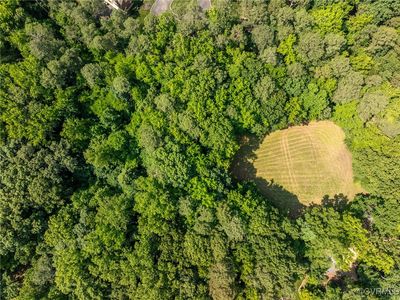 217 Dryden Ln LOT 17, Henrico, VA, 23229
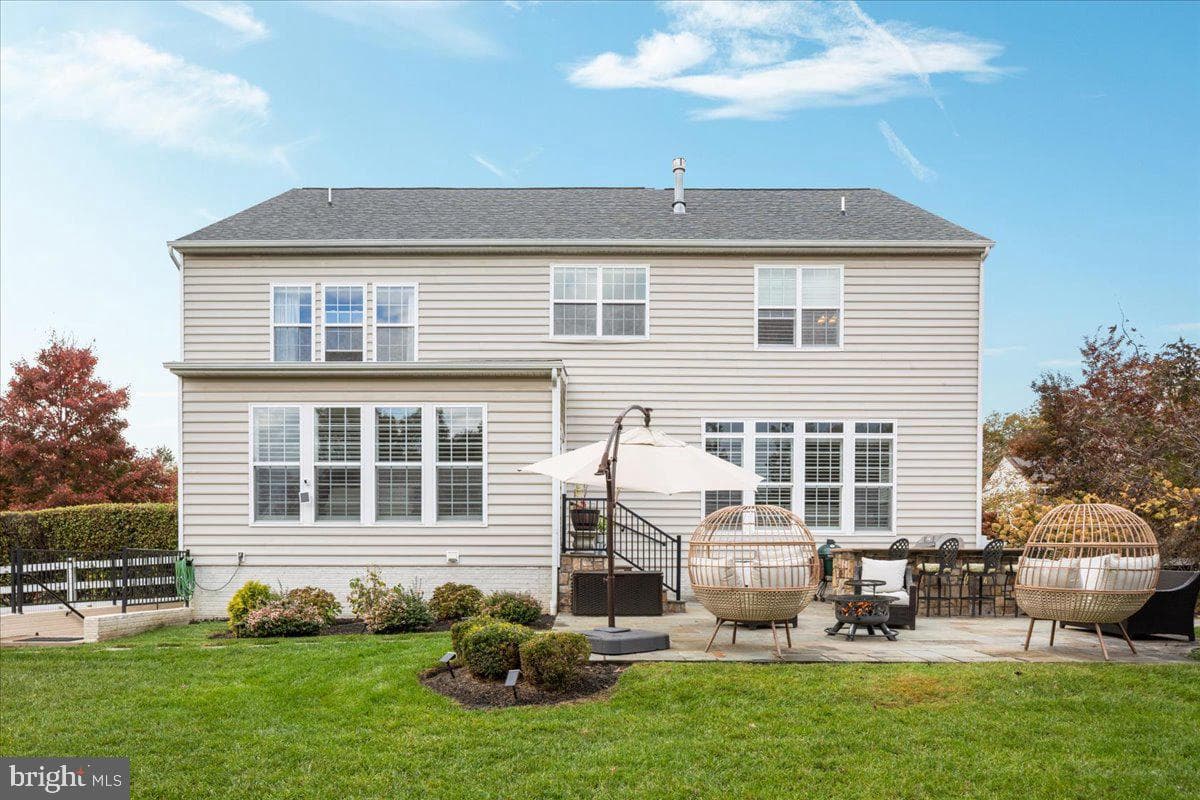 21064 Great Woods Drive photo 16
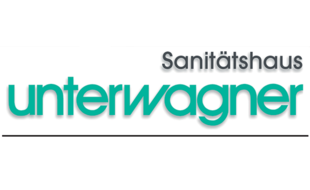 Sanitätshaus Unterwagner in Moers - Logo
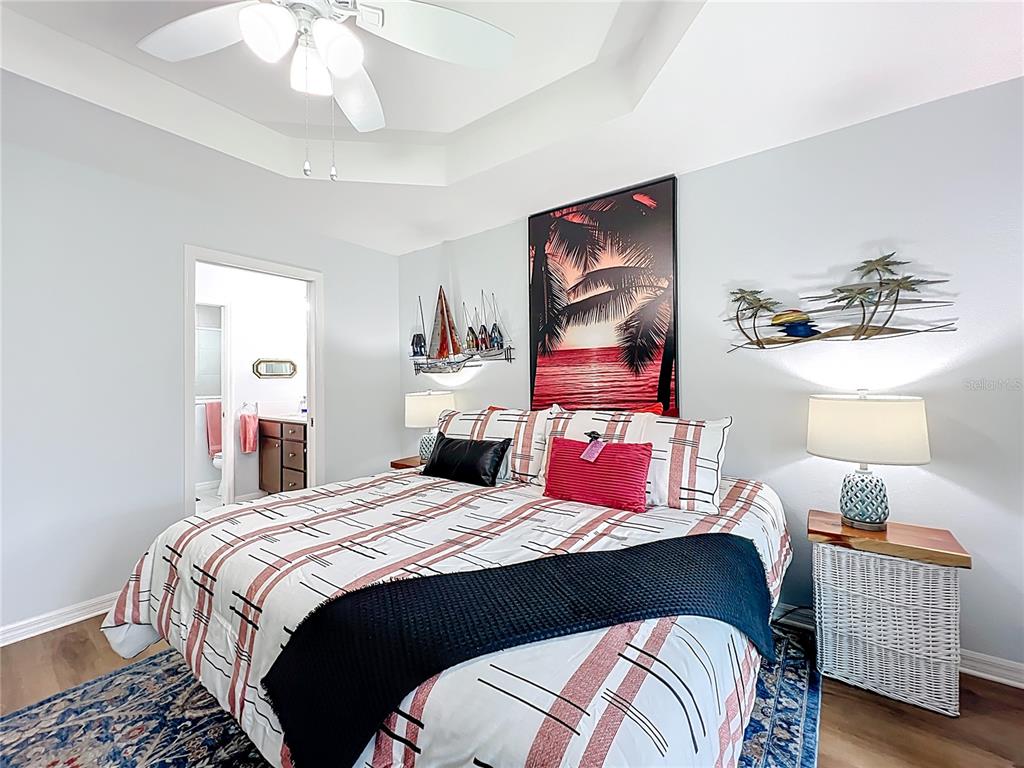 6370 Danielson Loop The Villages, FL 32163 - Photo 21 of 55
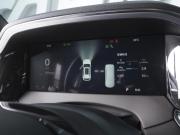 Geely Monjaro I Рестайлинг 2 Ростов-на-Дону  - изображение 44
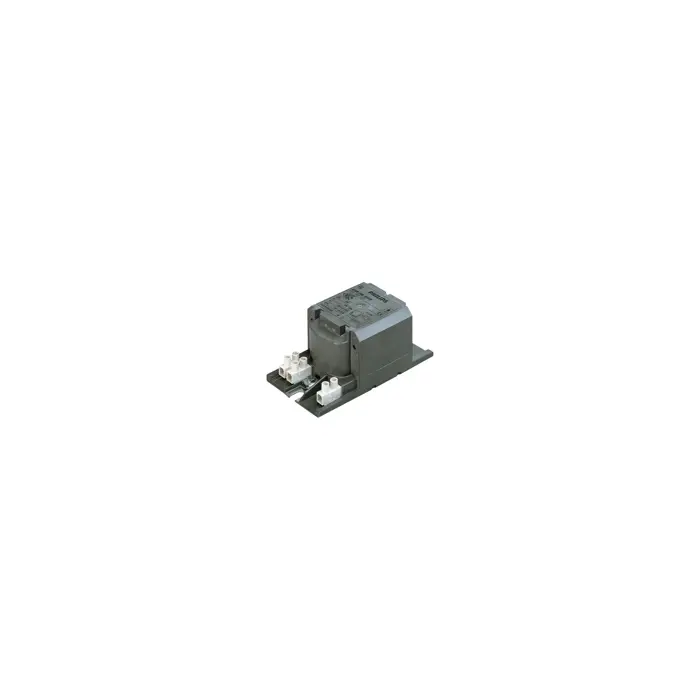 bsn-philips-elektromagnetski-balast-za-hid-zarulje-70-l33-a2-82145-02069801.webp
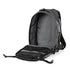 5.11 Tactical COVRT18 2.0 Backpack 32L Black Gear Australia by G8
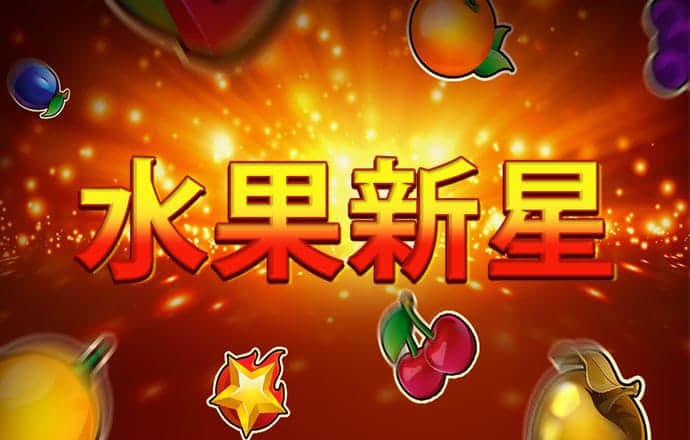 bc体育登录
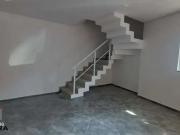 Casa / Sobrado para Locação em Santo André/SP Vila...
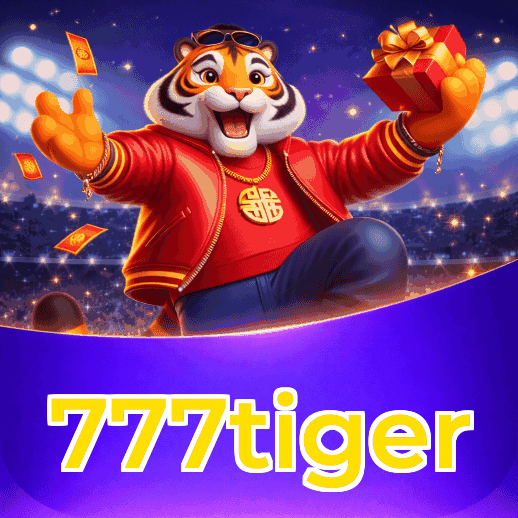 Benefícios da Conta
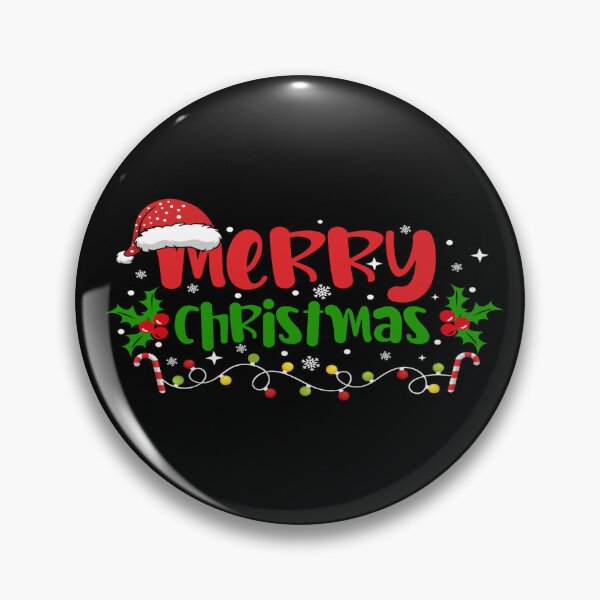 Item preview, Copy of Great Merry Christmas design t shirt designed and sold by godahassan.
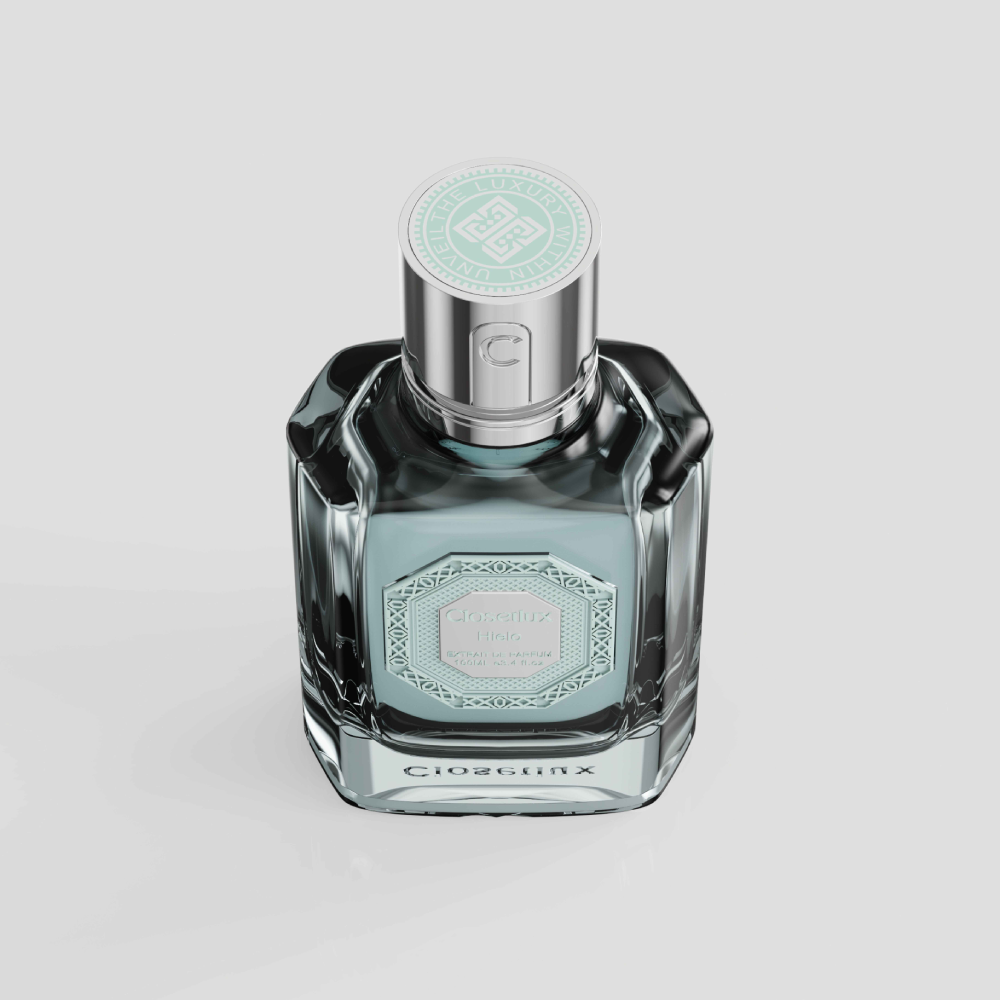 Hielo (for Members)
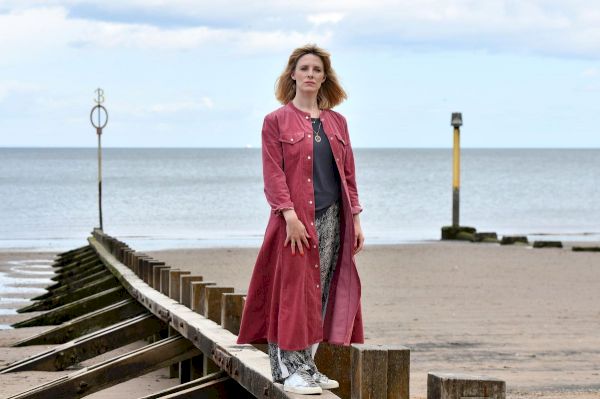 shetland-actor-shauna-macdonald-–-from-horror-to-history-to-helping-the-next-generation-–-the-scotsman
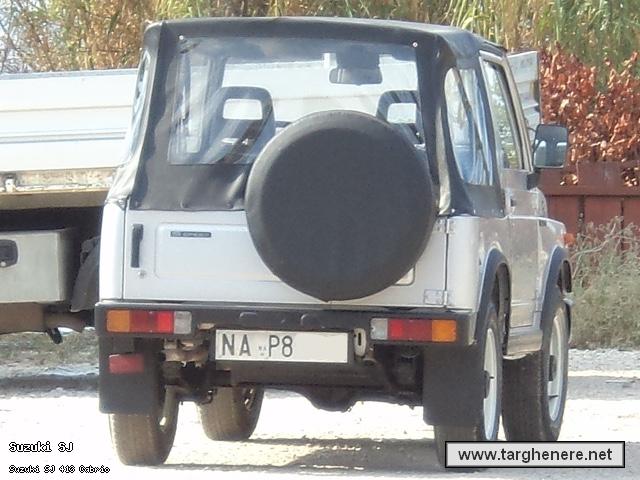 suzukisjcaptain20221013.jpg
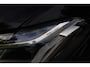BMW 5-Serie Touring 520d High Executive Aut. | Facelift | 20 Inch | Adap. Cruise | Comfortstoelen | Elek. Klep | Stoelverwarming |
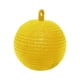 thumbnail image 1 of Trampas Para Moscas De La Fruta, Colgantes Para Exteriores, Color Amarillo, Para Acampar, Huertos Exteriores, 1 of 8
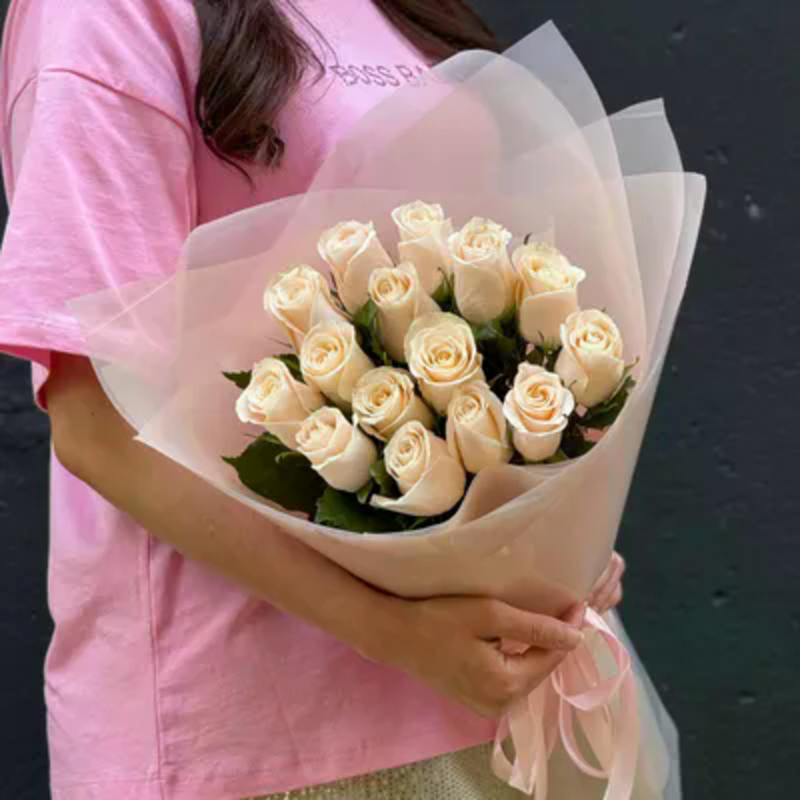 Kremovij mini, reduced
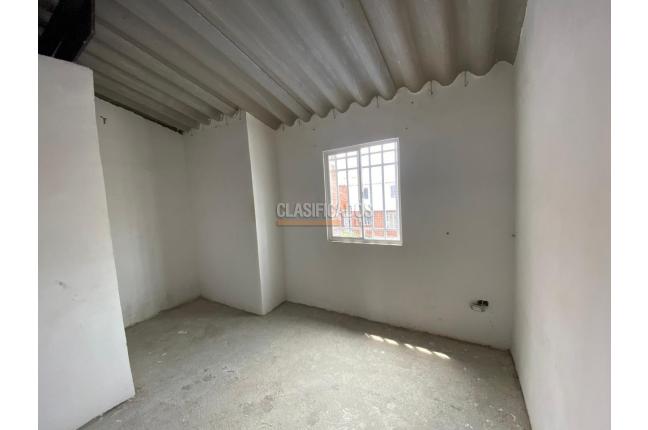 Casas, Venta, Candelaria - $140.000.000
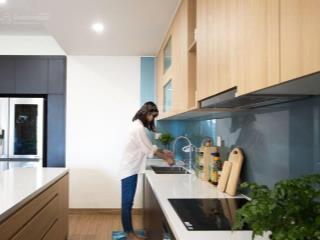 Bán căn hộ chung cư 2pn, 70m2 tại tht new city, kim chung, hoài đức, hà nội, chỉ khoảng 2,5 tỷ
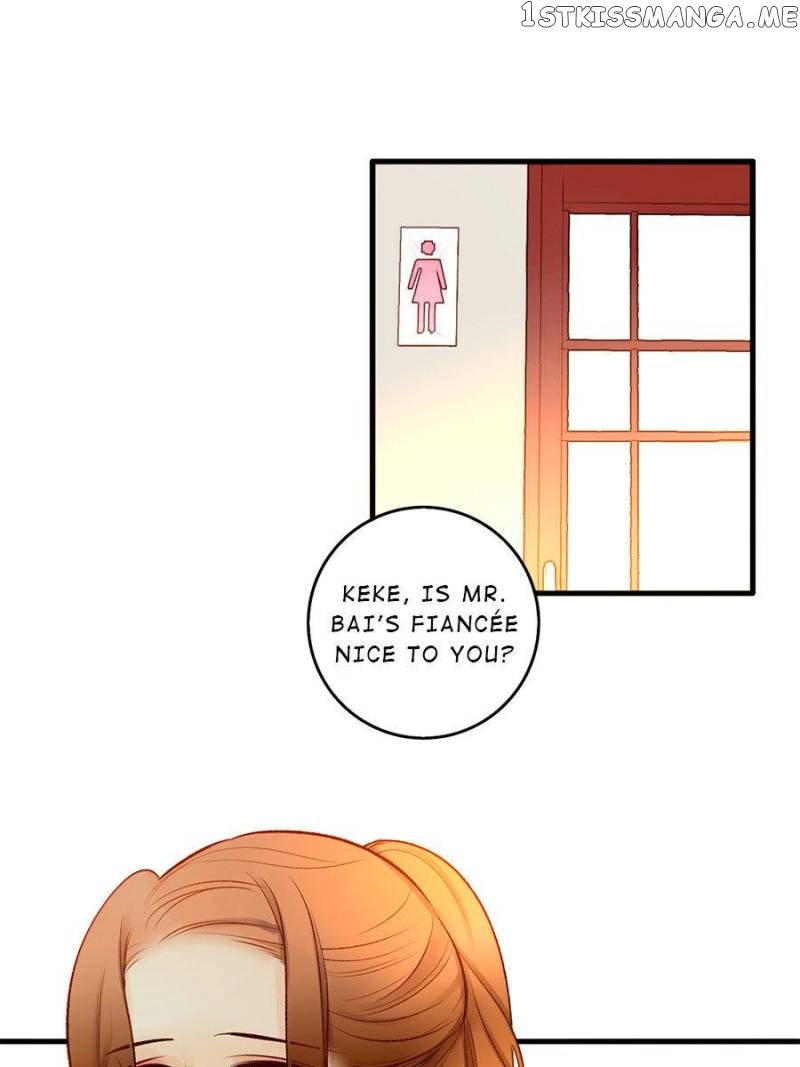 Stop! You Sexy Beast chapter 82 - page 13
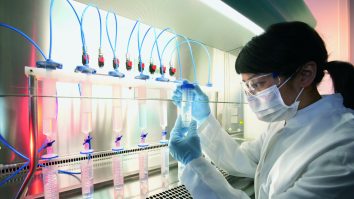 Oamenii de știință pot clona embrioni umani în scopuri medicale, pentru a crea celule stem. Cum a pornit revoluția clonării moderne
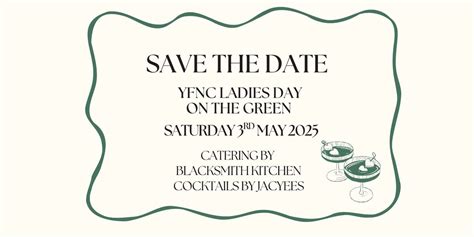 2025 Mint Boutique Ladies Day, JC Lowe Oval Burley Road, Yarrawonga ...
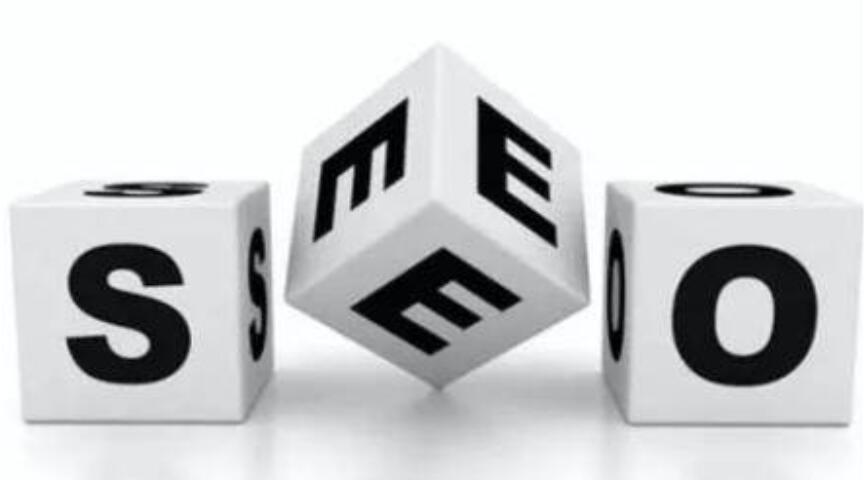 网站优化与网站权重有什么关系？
═══
Pictures aside, transcribe exactly the lines from the line containing "Benefícios da Conta" through the final line of the material above.

 Benefícios da Conta
 Item preview, Copy of Great Merry Christmas design t shirt designed and sold by godahassan.
 Hielo (for Members)
 shetland-actor-shauna-macdonald-–-from-horror-to-history-to-helping-the-next-generation-–-the-scotsman
 suzukisjcaptain20221013.jpg
BMW 5-Serie Touring 520d High Executive Aut. | Facelift | 20 Inch | Adap. Cruise | Comfortstoelen | Elek. Klep | Stoelverwarming |
 thumbnail image 1 of Trampas Para Moscas De La Fruta, Colgantes Para Exteriores, Color Amarillo, Para Acampar, Huertos Exteriores, 1 of 8
 Kremovij mini, reduced
 Casas, Venta, Candelaria - $140.000.000
 Bán căn hộ chung cư 2pn, 70m2 tại tht new city, kim chung, hoài đức, hà nội, chỉ khoảng 2,5 tỷ
 Stop! You Sexy Beast chapter 82 - page 13
 Oamenii de știință pot clona embrioni umani în scopuri medicale, pentru a crea celule stem. Cum a pornit revoluția clonării moderne
 2025 Mint Boutique Ladies Day, JC Lowe Oval Burley Road, Yarrawonga ...
 网站优化与网站权重有什么关系？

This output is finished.